Task to complete: Copy each line below word for word and drop every image.

Start of Collected material

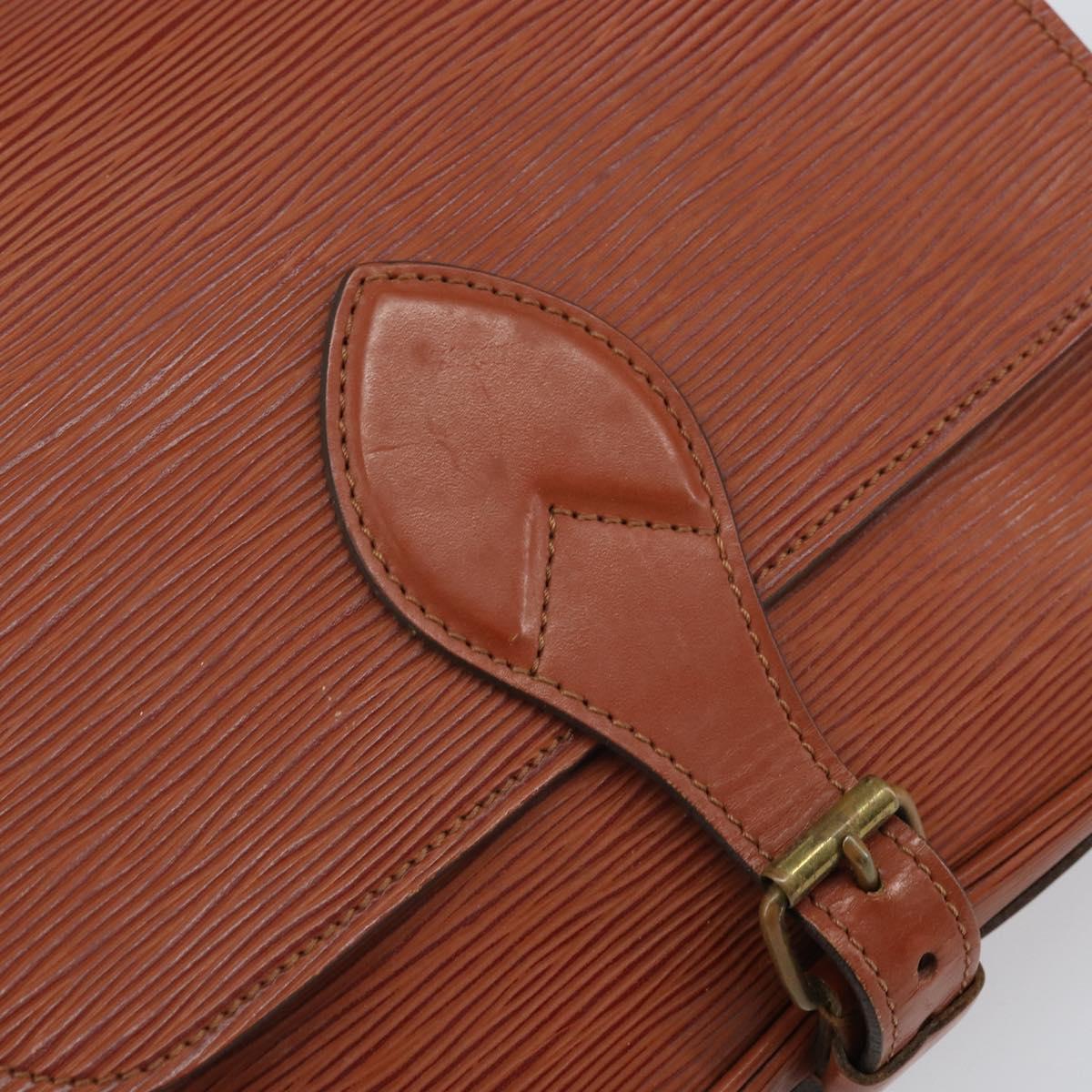 LOUIS VUITTON Epi Cartouchiere MM Shoulder Bag Brown M52243 LV Auth BA10052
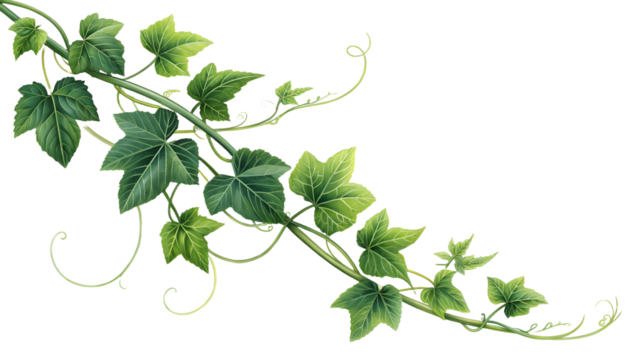 Vine plant with green leaves isolated on transparent background PNG, perfect for digital design, branding, wallpapers, posters, and print materials
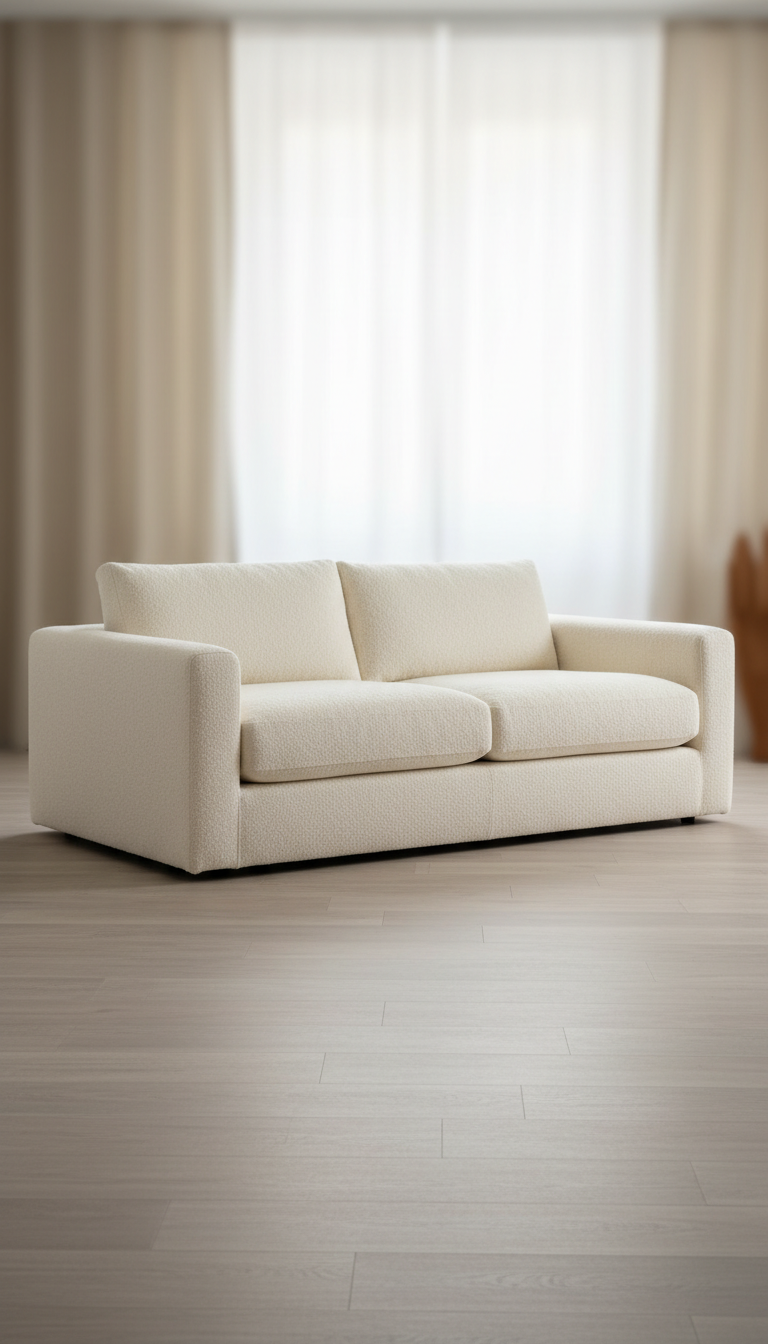 Ivory Wool Relaxed Sofa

End of Collected material

Result:
 LOUIS VUITTON Epi Cartouchiere MM Shoulder Bag Brown M52243 LV Auth BA10052
 Vine plant with green leaves isolated on transparent background PNG, perfect for digital design, branding, wallpapers, posters, and print materials
 Ivory Wool Relaxed Sofa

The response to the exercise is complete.